Laird – To new writers, and especially to young writers: expect resistance. I am in my forties. I’ve written since I was five. I know one thing if I know anything.
They will try to stop you.
Resistance to artistic aspiration is typical. In general, people aren’t going to leap onboard your dream train. It’s cute for a teenager to talk of becoming a novelist, or a poet. The gloss is tarnished once you travel beyond the solar system of middling youth and into young adulthood. If it has not already begun, it will begin. If it has begun, it will now begin in earnest. People will gently, or not so gently, undermine your artistic endeavors. How will you pay off your loans? How will you pay off a mortgage? How will you afford a family? What will become of you?
Grow up. Get real. It’s for your own good. We love you. Stop, just stop.

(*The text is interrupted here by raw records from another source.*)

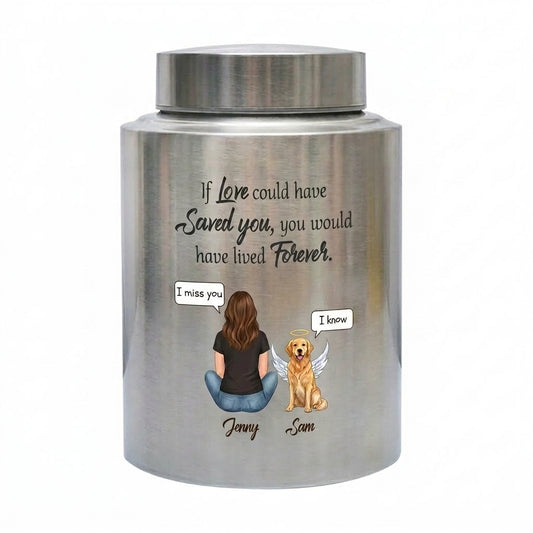 Personalized Woman and Dog Angel Silhouette Stainless Steel Pet Loss Urns for Ashes If Love Could Have Saved You Forever Quote Custom Names Memorial Keepsake Urn, Memorial Gift, In Loving Memory - Image 1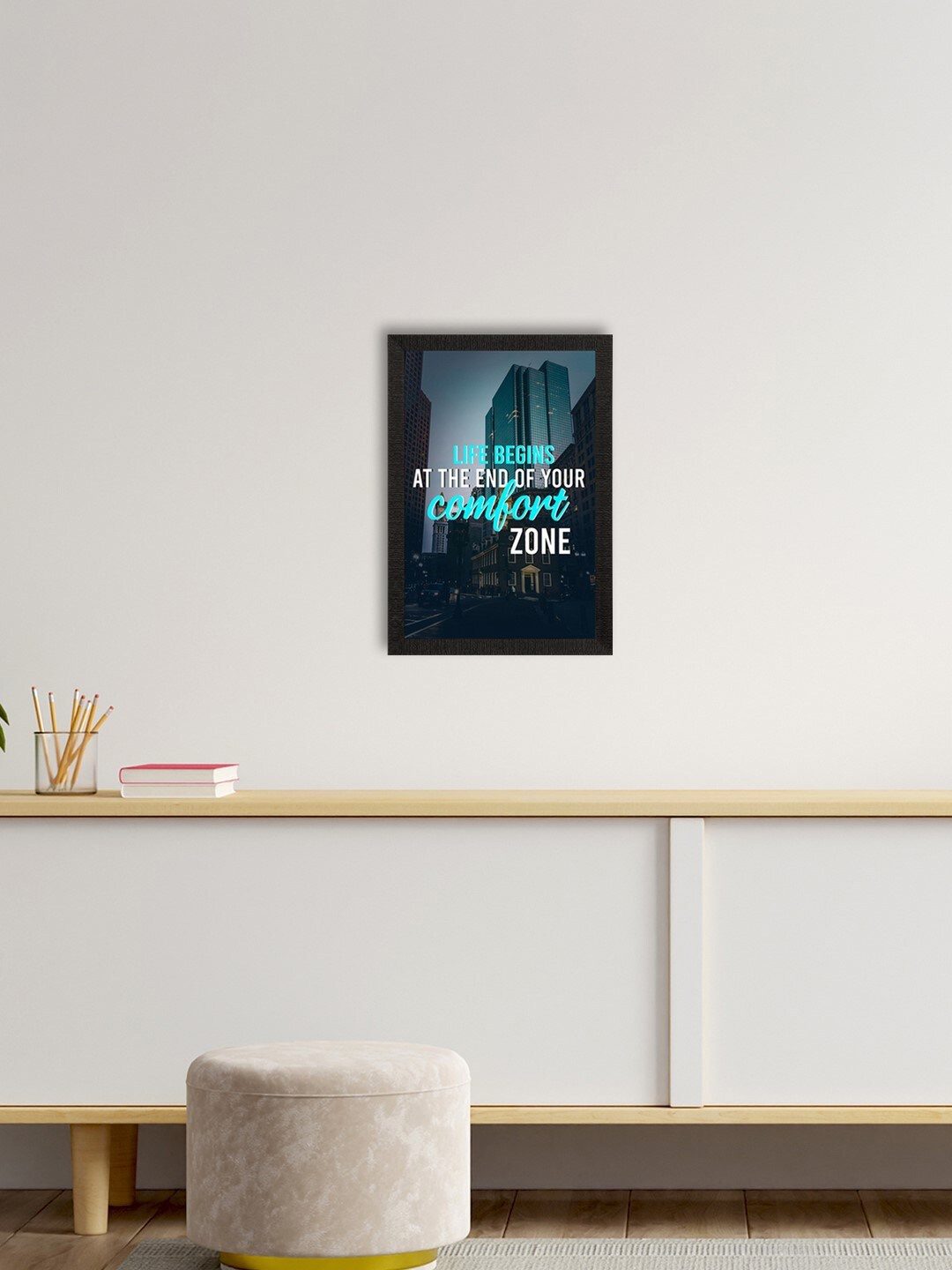 

eCraftIndia Blue & White Motivational Quote Satin Matte Texture UV Wall Painting, Black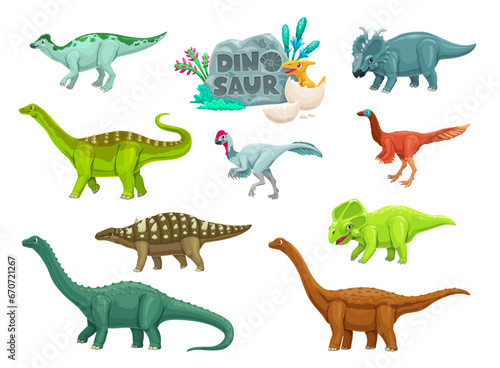 Cartoon dinosaurs ancient reptiles cute characters. Extinct reptiles funny vector personages. Jaxartosaurus  Magyarosaurus  Elmisaurus and Garudimimus  Pachyrhinosaurus  Struthiosaurus dinosaur mascot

They will attempt to subvert you. They will attempt to cajole and coerce you. They will roll their eyes and shake their heads and talk about you in hushed tones of mourning. When you pursue the dream of being an author, people always mourn you. They will bargain with you. They will read your words and pronounce you No Hemingway, no Jackson, no McCarthy. They will probably be correct in this latter judgment. It doesn’t matter. Hemingway was no Faulkner, Jackson was no Shelley, McCarthy is no Steinbeck. None of them were Shakespeare. Be sure they were told this or something like this and by someone who loved them, wanted the best for them.
Print is dead. Publishing is dead. No one reads. We love you. So stop.
They’ll do anything to blunt your progress, to deflect your trajectory. They’ll offer you a raise at the sausage plant. They’ll marry you, knock you up, or get knocked up. They’ll send you down the trail behind a team of huskies. They’ll jail you. Drug you. Withhold love. Punish you. Blast your mind with a 24 hour news cycle and infinite cartoons on the Cartoon Network. They will guilt you for the hours you spend apart, writing, dreaming. The most insidious of them will publish you, review you, praise or condemn you, encourage you to rest on your laurels or to simply quit, the world is better off without you, because you’ve made it, or because you never will. And so they say, Stop. Quit. We love you. Come back to us, don’t leave us here.
They will do anything to stop you. Remember. They love you. You have to be ready for that.